Three Popular Data Displays
This section elaborates on how to describe data. In particular, you will learn about the relative frequency histogram. Complete the exercises and check your answers.
Frequency Histograms
The stem and leaf diagram is not practical for large data sets, so we need a different, purely graphical way to represent data. A frequency histogram is such a device. We will illustrate it using the same data set from the previous subsection. For the 30 scores on the exam, it is natural to group the scores on the standard ten-point scale, and count the number of scores in each group. Thus there are two 100s, seven scores in the 90s, six in the 80s, and so on. We then construct the diagram shown in Figure 2.3 "Frequency Histogram" by drawing for each group, or class, a vertical bar whose length is the number of observations in that group. In our example, the bar labeled 100 is 2 units long, the bar labeled 90 is 7 units long, and so on. While the individual data values are lost, we know the number in each class. This number is called the frequency of the class, hence the name frequency histogram.
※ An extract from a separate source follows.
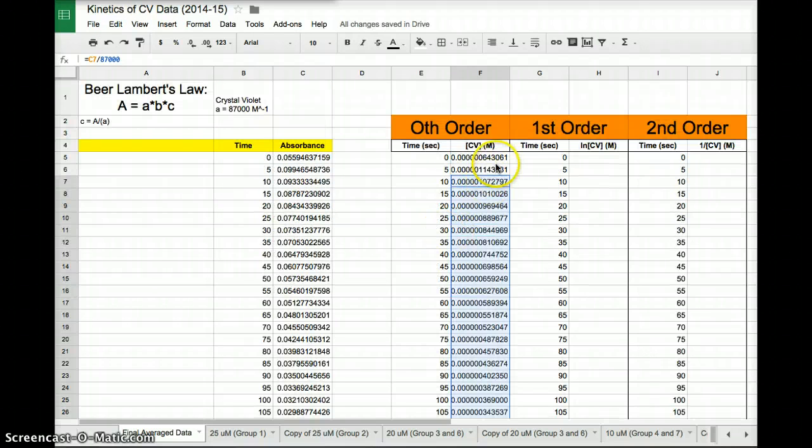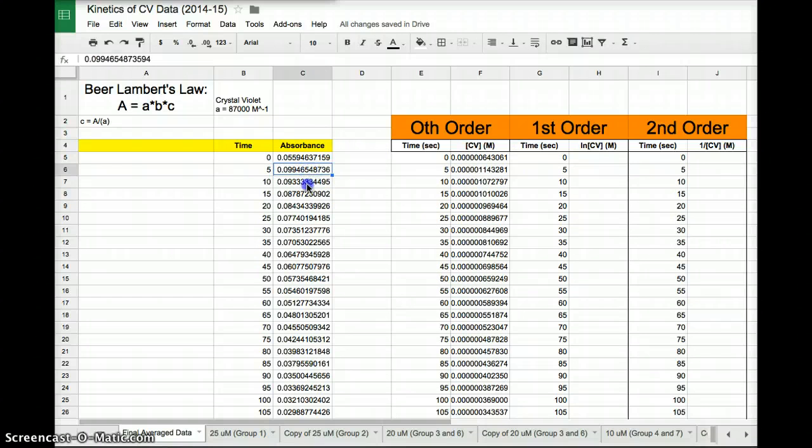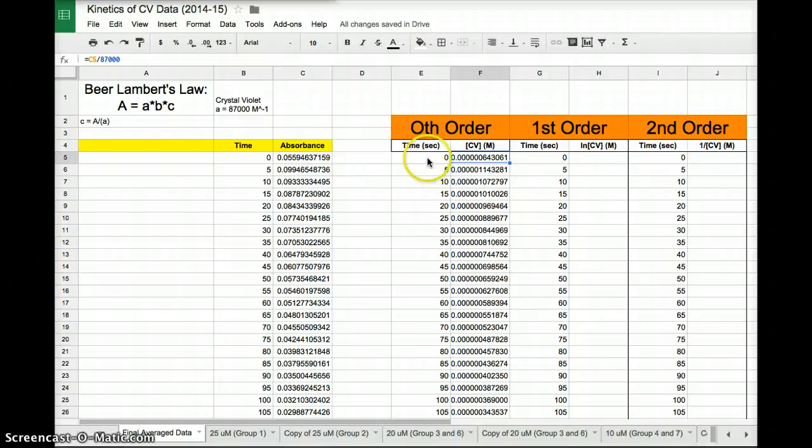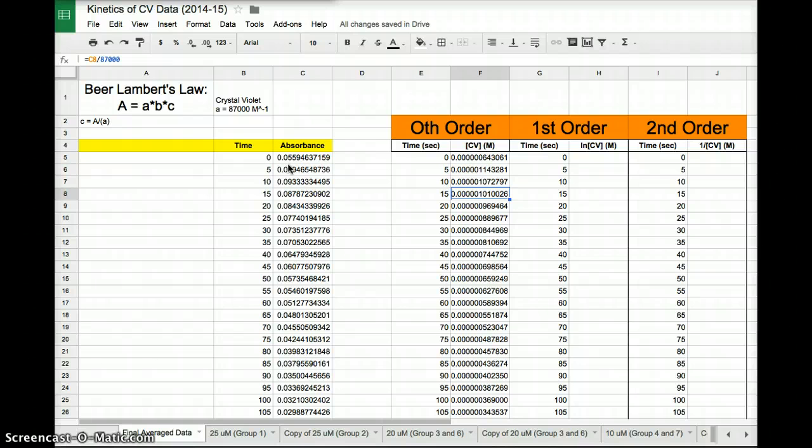So what did the computer do? It took each one of these values, depending on the row that it's in, and divided it by 87,000. So if we look over here, it took the number in block C5 divided by 87,000. Here it did the block in C6, C7, C8. It did the whole thing for us. That's pretty cool.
Figure 2.3 Frequency Histogram
The same procedure can be applied to any collection of numerical data. Observations are grouped into several classes and the frequency (the number of observations) of each class is noted. These classes are arranged and indicated in order on the horizontal axis (called the x-axis), and for each group a vertical bar, whose length is the number of observations in that group, is drawn. The resulting display is a frequency histogram for the data. The similarity in Figure 2.1 "Stem and Leaf Diagram" and Figure 2.3 "Frequency Histogram" is apparent, particularly if you imagine turning the stem and leaf diagram on its side by rotating it a quarter turn counterclockwise.
In general, the definition of the classes in the frequency histogram is flexible. The general purpose of a frequency histogram is very much the same as that of a stem and leaf diagram, to provide a graphical display that gives a sense of data distribution across the range of values that appear. We will not discuss the process of constructing a histogram from data since in actual practice it is done automatically with statistical software or even handheld calculators.